1. A medicine relation extraction method based on deep learning is characterized by comprising the following steps:

s1, obtaining documents related to the medicine, dividing the text content of the documents into sentences by taking the sentences as basic units, and taking each sentence as an initial sample;

s4, obtaining and converting the SMILES expressions of all the drug molecules into graph structures, and obtaining the drug molecule feature vector of each drug in the graph structures;

s5, representing the words in the text as vectors, and substituting the vectors for the corresponding words to vectorize each sentence;

2. The method for extracting drug relationship based on deep learning of claim 1, wherein the step S2 is to label the retained samples, and the specific method for obtaining the labeled samples is as follows:

according to the DDIExtraction2013 challenge rule, the tags are divided into 5 classes, which are respectively: advice, action, drug mechanism, positive and irrelevant.

3. The method for extracting drug relationship based on deep learning of claim 1, wherein the specific method of step S3 is as follows:

4. The deep learning-based drug relationship extraction method as claimed in claim 1, wherein the specific method of step S4 includes the following sub-steps:

Where σ (-) is the sigmod activation function; h_t-1Is a parameter matrix;

s4-4, according to the formula:

5. The deep learning-based drug relationship extraction method according to claim 1, wherein the specific method of step S5 is:

6. The deep learning based drug relationship extraction method as claimed in claim 1, wherein the deep learning network in step S6 is a two-way long-short term memory model, wherein the expression of the two-way long-short term memory model is:

i_p＝σ(W_xix_p+W_hih_p-1+b_i)

f_p＝σ(W_xfx_p+W_hfh_p-1+b_f)

c_p＝f_pc_p-1+i_ptanh(W_xcx_p+W_hch_p-1+b_c)

o_p＝σ(W_xox_p+W_hoh_p-1+b_o)

h_p＝o_ptanh(c_p)

wherein i_pRepresents the output of the input gate; σ (-) is a sigmod activation function; w_xiA parameter matrix representing between the input and the input gate; x is the number of_pIs the input of the model; w_hiIs a parameter matrix between the hidden layer and the input gate; h is_p-1A hidden layer output representing a last input word in the sentence; b_iAn offset vector representing an input gate; f. of_pAn output representing a forgetting gate; w_xfA parameter matrix representing between the input and the forgetting gate; w_hfA parameter matrix representing between the hidden layer and the forgetting gate; b_fAn offset vector representing a forgetting gate; c. C _pRepresenting the output of the memory cell; c. C_p-1The memory unit output corresponding to the last word is shown; tanh (-) is a tanh activation function; w_xcA parameter matrix representing the input and memory cells; w_hcA parameter matrix representing between the hidden layer and the memory cell; b_cAn offset vector representing a memory cell; o_pRepresents the output of the output gate; w_xoRepresenting a parameter matrix between the output gate and the input; w_hoRepresenting a parameter matrix between the output gate and the hidden layer; b_oAn offset vector representing an output gate; h is_pRepresenting the output of the two-way long-short term memory model.

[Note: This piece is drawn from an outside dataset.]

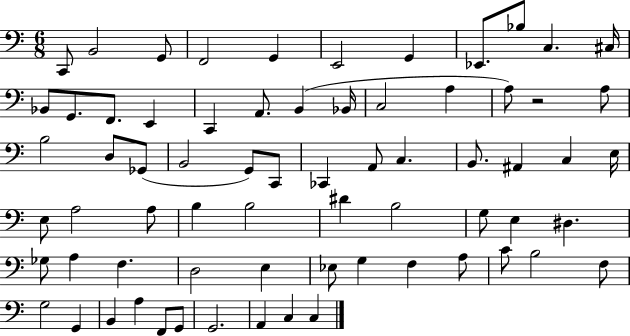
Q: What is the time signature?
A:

7. The method for extracting drug relationship based on deep learning of claim 1, wherein the specific method of step S7 is as follows:

8. The method for extracting drug relationship based on deep learning of claim 1, wherein the specific method of step S8 is as follows:

inputting the integral characteristic vector corresponding to each sentence into a full connection layer, and according to a formula:

X'＝tanh(W'X+b')

9. The method for extracting drug relationship based on deep learning of claim 1, wherein the specific method of step S9 is as follows:

according to the formula:

The class with the highest probability is used as the medicine-pair relation obtained by identification, and medicine relation extraction is completed; wherein softmax (·) is a softmax function; w' is a classification parameter matrix;b "is the classification parameter offset.